Intestinal obstruction represents a rare manifestation of gastrointestinal irAEs (GI irAEs) (3). The onset of intestinal obstruction varies widely, posing a significant challenge for physicians in determining the precise onset time. Out of the seven reported cases (49), four showed that intestinal obstruction developed late in the treatment course after the initiation of ICIs (11 cycles of pembrolizumab, 14 cycles of nivolumab, 8 cycles of pembrolizumab, and 14 cycles of nivolumab, respectively). Two patients (9) presented with bowel obstruction shortly after starting ICIs. One patient received two cycles of ipilimumab, while the other received one cycle of nivolumab in combination with ipilimumab. Furthermore, a single patient experienced abdominal distension after receiving one cycle of nivolumab in combination with ipilimumab. Pseudo-obstruction frequently manifests rapidly following ICI treatment, although the precise timing is rarely specified in the literature. Only a subset of the literature provides an approximate time frame, with Appelbaum’s case (9) being described as “rapid” for symptom onset and Ishibashi’s case (4) as “acute”. The lack of specific data points makes it challenging to quantify the exact time of onset of intestinal obstruction.

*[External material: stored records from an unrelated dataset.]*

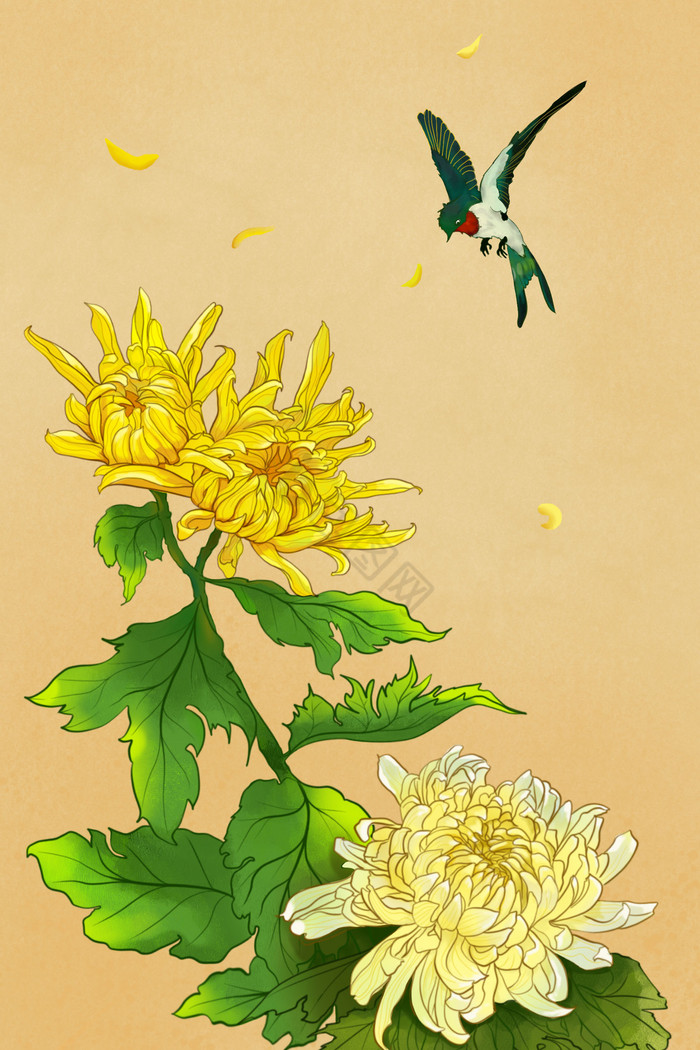 温馨菊花插画图片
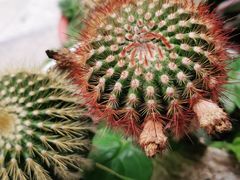 -阿昌白族石板烧(大理古城店)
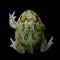 The chachoan horned frog isolated on black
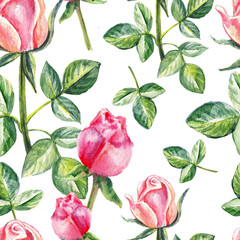 Seamless floral pattern, Pink rose watercolor hand drawn botanical illustration isolated on white background for design package cosmetics, greeting card, wedding invitation, beauty salon, wallpaper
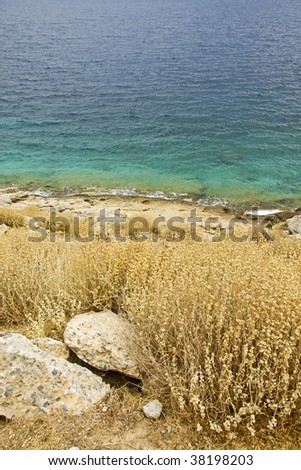 Seashore with rocks and bushes. Beautiful azure water contrasts with yellow bushes and rocks.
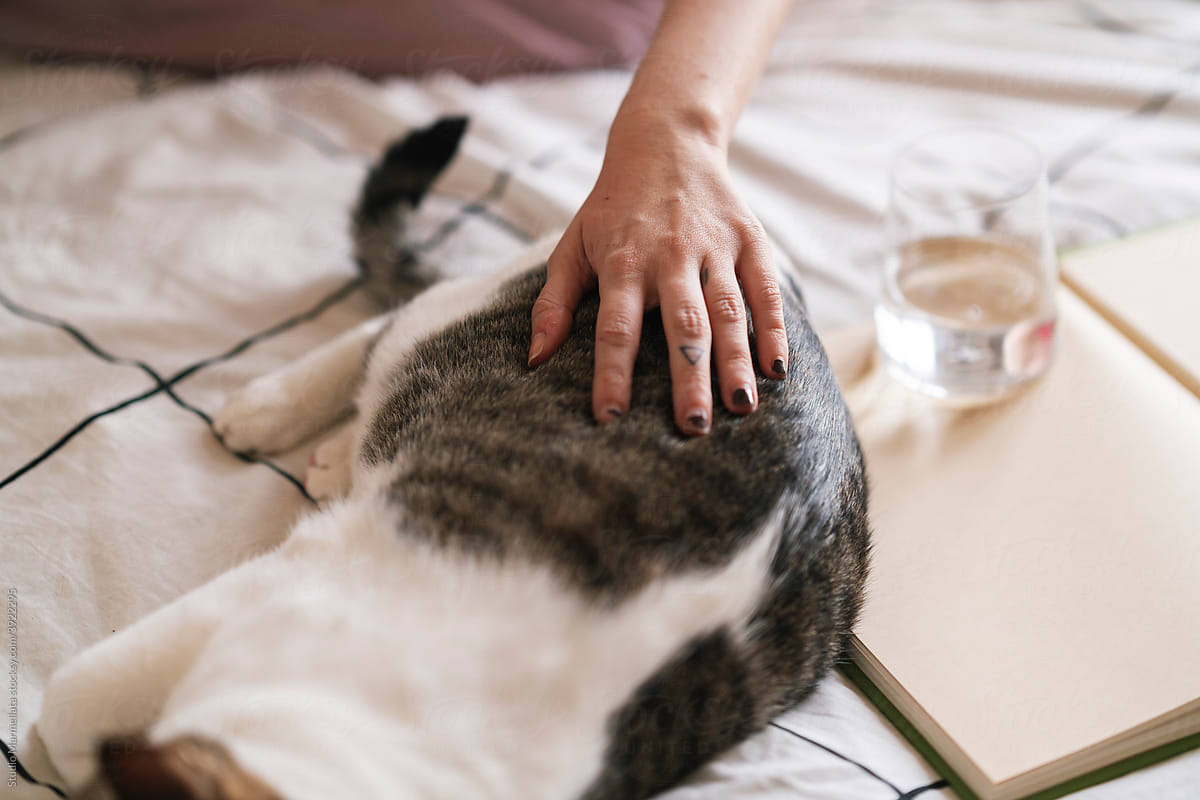 Crop faceless woman stroking sleeping cat on bed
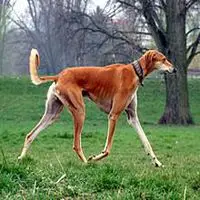 A photograph of the Saluki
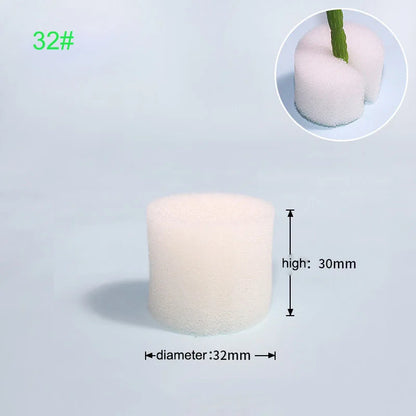 Hydroponische Kweekset met Mesh Potten en Sponzen (50 stuks)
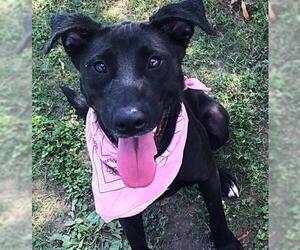 Borador Dogs for adoption in byhalia, MS, USA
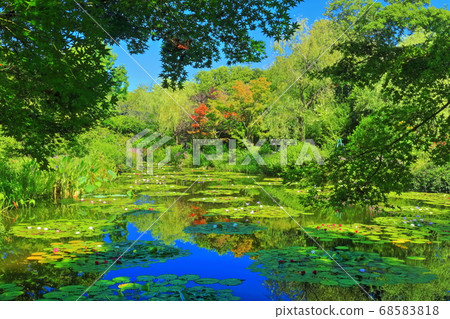 [高知縣]荷花盛開的莫奈花園裡的池塘 68583818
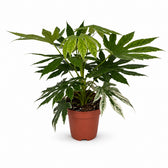 Fatsia Japonica Variegata - 60cm im Kulturtopf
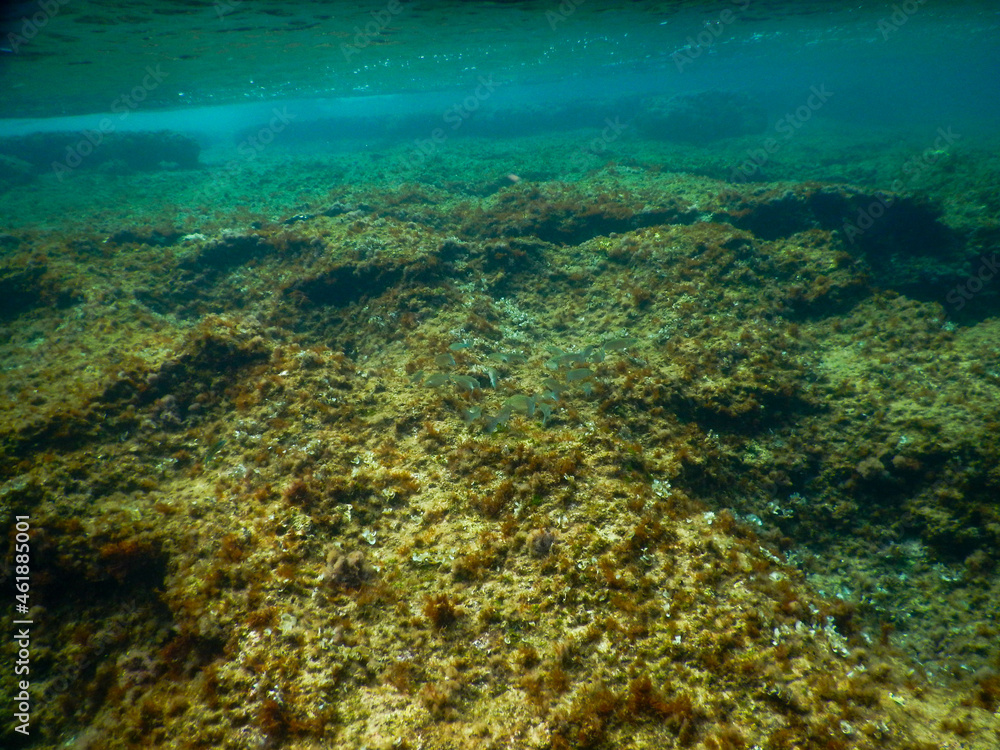 Fototapeta premium san vito lo capo coast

ICIs are monoclonal antibodies that target the cytotoxic T-lymphocyte-associated protein 4 (CTLA-4) and the programmed death-1 (PD-1)/programmed death-ligand 1 (PD-L1) pathways (10). They have transformed cancer treatment. These drugs enhance the anti-tumor T-cell response and may cause gastrointestinal infections. Unlike traditional cytotoxic drugs, the mechanism behind gastrointestinal irAEs is thought to involve an imbalance between effector T-cells and regulatory T-cells (Tregs), which can lead to Treg depletion or dysfunction (11). GI irAEs are driven by multiple immunological and molecular mechanisms, including autoantibody production (12), molecular mimicry (13), cytokine production (14), and influences from the gut microbiome (15) and genetic factors (16). Patients with pseudo-obstruction typically exhibit severe chronic “obstructive” symptoms such as abdominal pain, distention, bloating, nausea, vomiting, diarrhea, and/or refractory constipation. A case report described a patient undergoing treatment with nivolumab for advanced non-small cell lung cancer experienced severe abdominal pain with diffuse abdominal tenderness, vomiting, and hypotension (5). After exclusionary diagnosis, it was determined that the patient had small bowel obstruction with colonic perforation caused by ICIs. Similarly, there have been reports of patients receiving a combination of PD-L1 monoclonal antibody atezolizumab with etoposide and carboplatin for advanced small cell lung cancer, presenting with symptoms of abdominal distension, diarrhea, and constipation, ultimately leading to consideration of immune therapy-related intestinal obstruction (8).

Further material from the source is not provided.